> Supplied information
===============
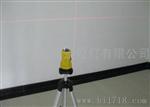 FU两线激光标线仪室内装潢激光水平仪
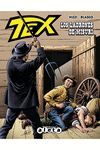 TEX: LOS LADRONES DE MISURI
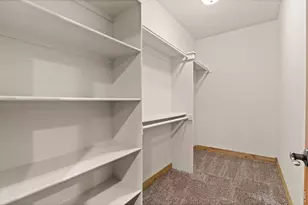 2036 Vineyard Ct, Windsor, CO 80550 - Photo 22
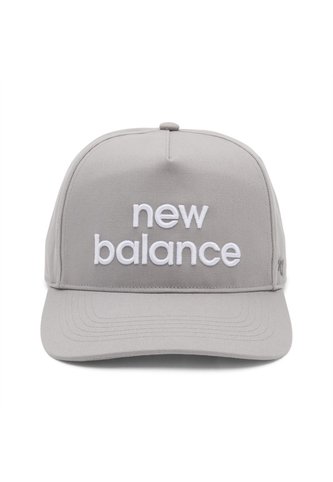 Unisex '47 Hitch Greatest Hits New Balance AC5130V-GYM New Balance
===============
> Task instructions
Copy the data character for character, but drop all pictures from the copy.

> Answer for the task
 FU两线激光标线仪室内装潢激光水平仪
 TEX: LOS LADRONES DE MISURI
 2036 Vineyard Ct, Windsor, CO 80550 - Photo 22
 Unisex '47 Hitch Greatest Hits New Balance AC5130V-GYM New Balance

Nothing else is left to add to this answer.